Denn anstatt sich nun auf diesen Aspekt der Handlung zu stürzen und ihn als aufsehenerregendes Highlight zu arrangieren, lässt Malle ihn stets nur als roten Faden durch den Film führen. Clara bleibt für Laurent bei all seinen verschiedenen Erlebnissen, den positiven wie den negativen, immer der behütende Schoß, das sichere Nest, gleichzeitig aber auch das unerreichbare Objekt der geheimen Begierde. Ein, zumindest nach der freudschen Psychoanalyse, kein unübliches Verhalten in der sexuellen Entwicklung junger Männer, das hier „lediglich“ nicht vor der letzten moralischen, intuitiven Mauer – auch wegen dem antiautoritären, wahrscheinlich (oder eher ganz sicher) zu legeren Verhalten von Clara – halt macht. Bis dahin vergeht viel Zeit, Laurent entwickelt sich für den Zuschauer nicht nur sicht-, sondern besonders spürbar. Dieser Prozess - unter Berücksichtigung aller sozialen, strukturellen, psychologischen und persönlichen Komponenten – ist so lebensnah und nachvollziehbar, dass das Unvorstellbare sich fast wie selbstverständlich als logische Konsequenz ergibt. Diese Leichtigkeit, die den gesamten Film prägt, scheint in diesem Punkt unmöglich. Und doch gelingt es Malle. 

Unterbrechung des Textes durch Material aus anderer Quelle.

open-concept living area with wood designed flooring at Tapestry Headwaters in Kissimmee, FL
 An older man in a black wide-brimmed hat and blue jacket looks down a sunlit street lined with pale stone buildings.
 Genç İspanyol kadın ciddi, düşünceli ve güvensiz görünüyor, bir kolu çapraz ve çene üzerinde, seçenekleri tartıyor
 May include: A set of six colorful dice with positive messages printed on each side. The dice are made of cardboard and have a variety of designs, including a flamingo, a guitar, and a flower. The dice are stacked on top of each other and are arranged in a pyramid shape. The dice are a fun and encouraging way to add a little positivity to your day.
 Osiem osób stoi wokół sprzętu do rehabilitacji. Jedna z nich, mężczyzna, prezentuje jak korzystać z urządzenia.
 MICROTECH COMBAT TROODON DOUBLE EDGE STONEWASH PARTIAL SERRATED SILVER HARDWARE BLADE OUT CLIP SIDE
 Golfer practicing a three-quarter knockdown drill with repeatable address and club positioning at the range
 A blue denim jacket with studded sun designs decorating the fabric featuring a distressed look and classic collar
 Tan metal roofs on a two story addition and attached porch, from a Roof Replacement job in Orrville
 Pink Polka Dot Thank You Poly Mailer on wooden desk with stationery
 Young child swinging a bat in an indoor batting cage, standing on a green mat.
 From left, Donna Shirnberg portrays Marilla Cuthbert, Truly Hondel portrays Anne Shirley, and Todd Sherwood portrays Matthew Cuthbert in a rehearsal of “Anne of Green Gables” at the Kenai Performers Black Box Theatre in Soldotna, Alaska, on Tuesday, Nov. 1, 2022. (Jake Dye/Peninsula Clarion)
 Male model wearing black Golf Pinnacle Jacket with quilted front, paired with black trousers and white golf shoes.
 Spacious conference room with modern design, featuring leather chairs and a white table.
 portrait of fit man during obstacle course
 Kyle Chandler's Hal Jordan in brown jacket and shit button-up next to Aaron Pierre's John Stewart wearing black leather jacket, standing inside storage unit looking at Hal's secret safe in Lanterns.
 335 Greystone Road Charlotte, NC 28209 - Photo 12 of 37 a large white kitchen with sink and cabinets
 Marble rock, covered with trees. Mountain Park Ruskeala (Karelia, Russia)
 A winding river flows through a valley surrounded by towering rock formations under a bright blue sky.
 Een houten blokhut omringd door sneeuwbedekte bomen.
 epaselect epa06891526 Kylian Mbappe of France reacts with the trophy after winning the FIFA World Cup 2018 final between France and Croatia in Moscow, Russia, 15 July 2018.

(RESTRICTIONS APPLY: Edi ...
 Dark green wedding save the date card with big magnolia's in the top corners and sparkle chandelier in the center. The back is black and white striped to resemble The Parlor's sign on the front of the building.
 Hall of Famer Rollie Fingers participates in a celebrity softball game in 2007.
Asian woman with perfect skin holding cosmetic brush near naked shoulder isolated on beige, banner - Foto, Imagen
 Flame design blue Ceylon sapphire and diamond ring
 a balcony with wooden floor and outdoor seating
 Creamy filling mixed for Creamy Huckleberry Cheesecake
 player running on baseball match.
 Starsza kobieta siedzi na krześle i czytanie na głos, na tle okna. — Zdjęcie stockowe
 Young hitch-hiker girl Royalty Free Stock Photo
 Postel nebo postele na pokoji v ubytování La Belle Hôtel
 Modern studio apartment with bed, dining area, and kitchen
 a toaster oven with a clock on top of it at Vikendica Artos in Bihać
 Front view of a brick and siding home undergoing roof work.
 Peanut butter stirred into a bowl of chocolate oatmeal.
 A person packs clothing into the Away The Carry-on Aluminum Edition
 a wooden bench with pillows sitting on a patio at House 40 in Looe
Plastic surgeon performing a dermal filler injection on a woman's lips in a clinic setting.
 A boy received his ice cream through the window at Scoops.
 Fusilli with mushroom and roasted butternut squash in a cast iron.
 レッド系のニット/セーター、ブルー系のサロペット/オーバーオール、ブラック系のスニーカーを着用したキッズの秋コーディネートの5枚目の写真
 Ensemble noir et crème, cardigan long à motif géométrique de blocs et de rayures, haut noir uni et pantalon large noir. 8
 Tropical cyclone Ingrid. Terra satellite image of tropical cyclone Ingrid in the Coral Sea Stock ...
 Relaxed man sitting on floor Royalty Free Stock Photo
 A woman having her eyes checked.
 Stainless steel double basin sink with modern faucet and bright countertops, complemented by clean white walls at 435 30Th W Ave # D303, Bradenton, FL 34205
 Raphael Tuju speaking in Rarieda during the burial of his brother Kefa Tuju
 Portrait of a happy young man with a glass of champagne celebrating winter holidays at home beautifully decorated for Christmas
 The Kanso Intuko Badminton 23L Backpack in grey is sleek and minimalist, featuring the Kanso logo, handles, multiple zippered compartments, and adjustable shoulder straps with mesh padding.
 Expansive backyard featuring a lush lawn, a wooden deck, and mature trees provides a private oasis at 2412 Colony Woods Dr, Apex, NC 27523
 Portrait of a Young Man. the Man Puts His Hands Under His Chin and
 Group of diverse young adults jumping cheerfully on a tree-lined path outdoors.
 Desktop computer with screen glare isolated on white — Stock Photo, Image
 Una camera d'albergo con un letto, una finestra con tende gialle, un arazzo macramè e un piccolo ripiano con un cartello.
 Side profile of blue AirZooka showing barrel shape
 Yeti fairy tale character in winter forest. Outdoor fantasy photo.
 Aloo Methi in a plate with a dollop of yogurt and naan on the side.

Ganz einfach macht er es dem Publikum damit natürlich nicht. Das Ende umgeht jede eigene Wertung, rechtfertigt und verteufelt nicht. Gerade bei dieser sensiblen, schwierigen Thematik ist das mutig, gleichzeitig aber vielleicht auch etwas zu wenig. Ein leicht befremdliches Gefühl macht sich breit, wenn der Film beendet ist. Befremdlich, weil alles zu gut und richtig scheint.

Fazit

Sensibel inszeniertes Coming-Of-Age-Drama, frei von künstlicher Sentimentalität, bei dem viel zwischen den Zeilen erzählt wird. Wunderbar gespielt, hervorragend beobachtet, nur eben mit einem extrem neutral gehaltenen Schlusspunkt, der polarisieren dürfte und eine uneingeschränkte Lobeshymne  - aus persönlicher Sicht – nicht möglich macht. Daran haben sich damals schon die Geister geschieden und das werden sie wohl auch immer wieder. Formal ist das alles hervorragend, da besteht kein Zweifel.